Word for word, write the records out again, but omit each picture.
┄┄┄┄┄┄┄┄┄┄
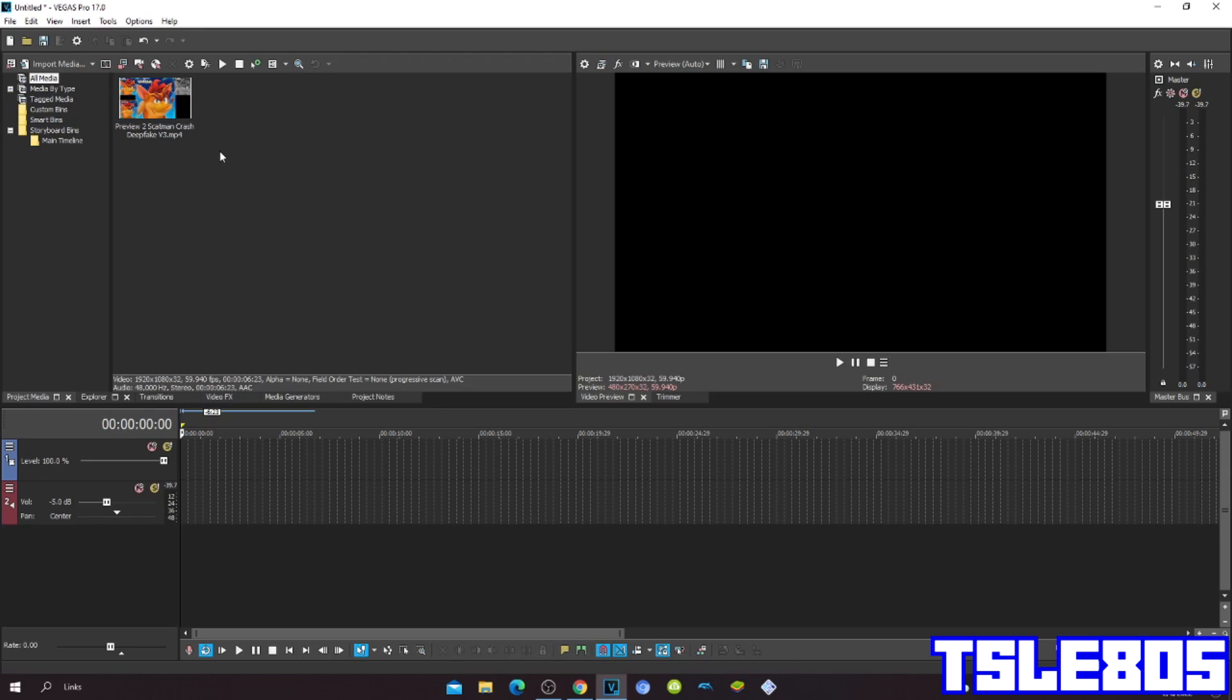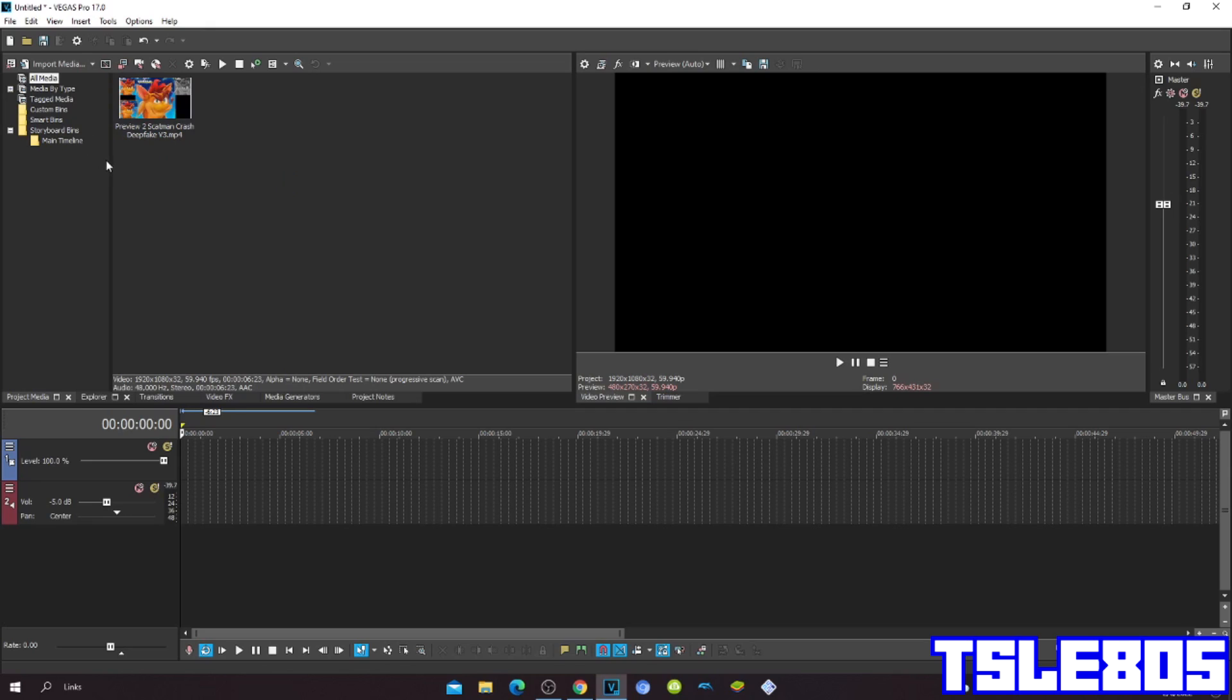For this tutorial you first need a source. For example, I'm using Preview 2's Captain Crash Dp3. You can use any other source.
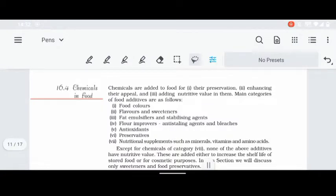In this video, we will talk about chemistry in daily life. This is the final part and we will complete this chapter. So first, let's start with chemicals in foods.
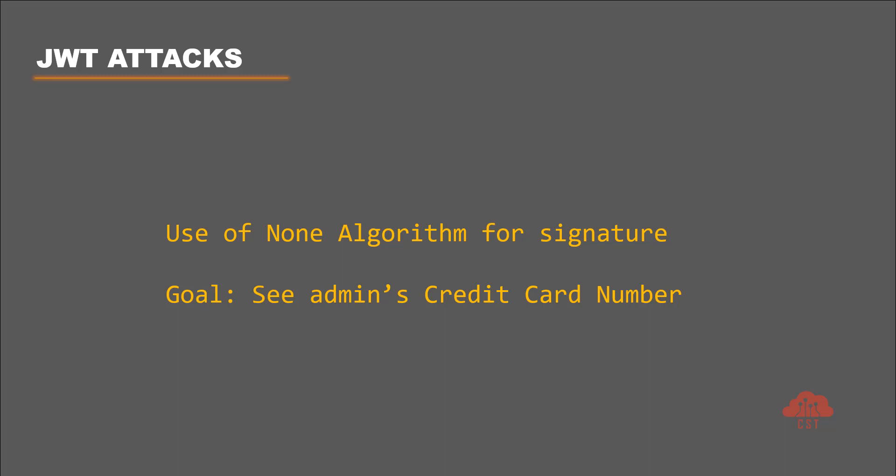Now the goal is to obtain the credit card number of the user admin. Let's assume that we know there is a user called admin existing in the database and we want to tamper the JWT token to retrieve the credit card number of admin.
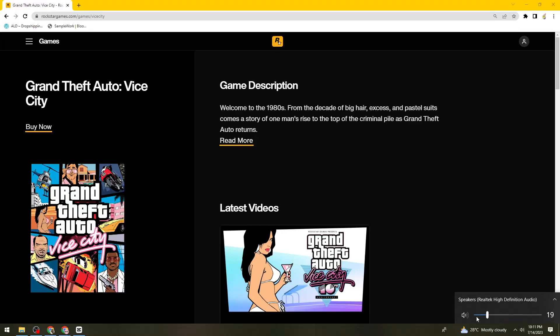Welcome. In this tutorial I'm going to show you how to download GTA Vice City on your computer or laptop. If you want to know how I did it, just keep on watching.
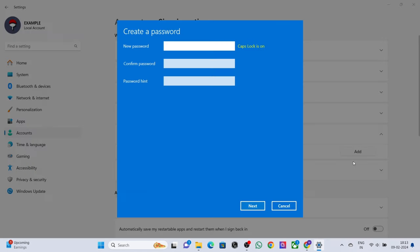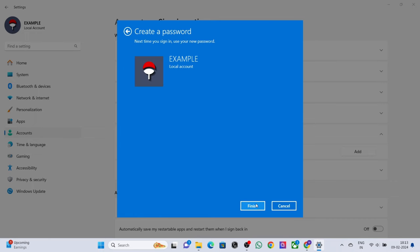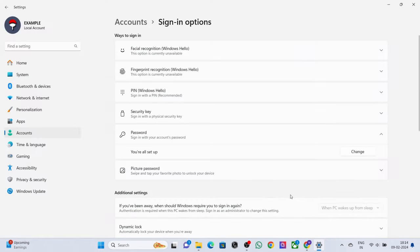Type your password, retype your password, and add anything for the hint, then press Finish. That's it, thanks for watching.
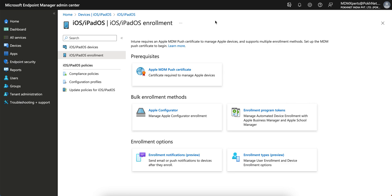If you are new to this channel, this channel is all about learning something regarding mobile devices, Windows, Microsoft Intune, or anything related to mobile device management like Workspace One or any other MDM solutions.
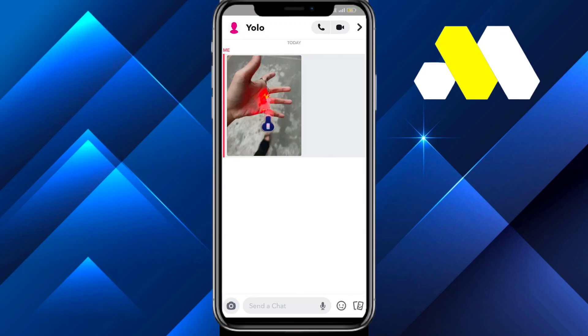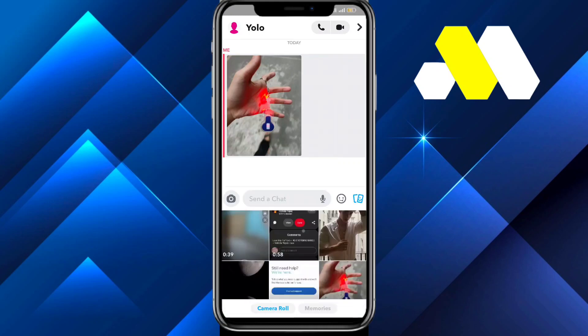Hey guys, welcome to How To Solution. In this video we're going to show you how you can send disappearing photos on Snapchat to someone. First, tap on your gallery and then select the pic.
┄┄┄┄┄┄┄┄┄┄
## Result for this task:
For this tutorial you first need a source. For example, I'm using Preview 2's Captain Crash Dp3. You can use any other source.
In this video, we will talk about chemistry in daily life. This is the final part and we will complete this chapter. So first, let's start with chemicals in foods.
Now the goal is to obtain the credit card number of the user admin. Let's assume that we know there is a user called admin existing in the database and we want to tamper the JWT token to retrieve the credit card number of admin.
Welcome. In this tutorial I'm going to show you how to download GTA Vice City on your computer or laptop. If you want to know how I did it, just keep on watching.
Type your password, retype your password, and add anything for the hint, then press Finish. That's it, thanks for watching.
If you are new to this channel, this channel is all about learning something regarding mobile devices, Windows, Microsoft Intune, or anything related to mobile device management like Workspace One or any other MDM solutions.
Hey guys, welcome to How To Solution. In this video we're going to show you how you can send disappearing photos on Snapchat to someone. First, tap on your gallery and then select the pic.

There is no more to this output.